[Beowulf] Interactive vs batch, and schedulers

Fri Jan 17 09:52:47 PST 2020

On Thu, 16 Jan 2020 23:24:56 "Lux, Jim (US 337K)" wrote:
> What I’m interested in is the idea of jobs that, if spread across many
> nodes (dozens) can complete in seconds (<1 minute) providing
> essentially “interactive” access, in the context of large jobs taking
> days to complete.   It’s not clear to me that the current schedulers
> can actually do this – rather, they allocate M of N nodes to a
> particular job pulled out of a series of queues, and that job “owns”
> the nodes until it completes.  Smaller jobs get run on (M-1) of the N
> nodes, and presumably complete faster, so it works down through the
> queue quicker, but ultimately, if you have a job that would take, say,
> 10 seconds on 1000 nodes, it’s going to take 20 minutes on 10 nodes.

Generalizations are prone to failure but here we go anyway...

If there is enough capacity and enough demand for both classes of jobs 
one could set up queues for the specific types, to keep the big ones and 
the small ones apart, with pretty much constant utilization.

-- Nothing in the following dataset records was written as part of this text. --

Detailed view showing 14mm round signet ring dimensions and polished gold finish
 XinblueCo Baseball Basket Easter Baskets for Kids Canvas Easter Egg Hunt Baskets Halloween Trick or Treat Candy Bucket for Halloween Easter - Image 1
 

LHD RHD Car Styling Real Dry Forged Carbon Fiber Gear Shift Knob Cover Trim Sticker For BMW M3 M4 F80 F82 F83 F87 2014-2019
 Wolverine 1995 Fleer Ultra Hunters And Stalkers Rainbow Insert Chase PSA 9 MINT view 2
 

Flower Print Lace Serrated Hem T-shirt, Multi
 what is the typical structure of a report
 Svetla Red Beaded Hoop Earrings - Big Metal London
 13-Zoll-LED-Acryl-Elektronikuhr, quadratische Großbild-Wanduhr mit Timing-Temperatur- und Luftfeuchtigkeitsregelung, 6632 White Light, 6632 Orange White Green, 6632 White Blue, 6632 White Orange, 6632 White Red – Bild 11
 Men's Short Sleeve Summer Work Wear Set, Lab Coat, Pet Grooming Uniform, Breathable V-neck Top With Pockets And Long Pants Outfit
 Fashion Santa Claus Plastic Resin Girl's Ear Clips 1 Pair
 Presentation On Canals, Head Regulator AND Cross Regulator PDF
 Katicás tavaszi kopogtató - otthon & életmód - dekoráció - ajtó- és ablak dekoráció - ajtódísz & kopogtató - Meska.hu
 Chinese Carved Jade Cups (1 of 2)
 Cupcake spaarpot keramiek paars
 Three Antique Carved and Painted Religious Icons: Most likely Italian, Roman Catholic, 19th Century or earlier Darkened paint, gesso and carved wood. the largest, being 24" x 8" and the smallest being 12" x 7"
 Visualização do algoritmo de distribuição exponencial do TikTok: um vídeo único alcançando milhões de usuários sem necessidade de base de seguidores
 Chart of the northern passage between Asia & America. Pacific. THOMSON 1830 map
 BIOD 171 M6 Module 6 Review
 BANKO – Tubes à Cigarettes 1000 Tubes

In some instances it may be possible to define the benefit (in some 
unit, let's say dollars) for obtaining a given job's results and also 
define the costs (in the same units) for node/hours, wait time, and 
other resources.  Using that function it might be possible to schedule 
the job mix to maximize "value", at least approximately.  Based solely 
on times and nodes, without some measure of benefit and costs it might 
be possible to optimize node utilization (by some measure), but spinning 
the CPUs isn't really the point of the resource, right?  I expect that 
whatever job mix maximizes value will also maximize optimization, but 
not necessarily the other way around.  I bet that AWS's scheduler uses 
some sort of value calculation like that.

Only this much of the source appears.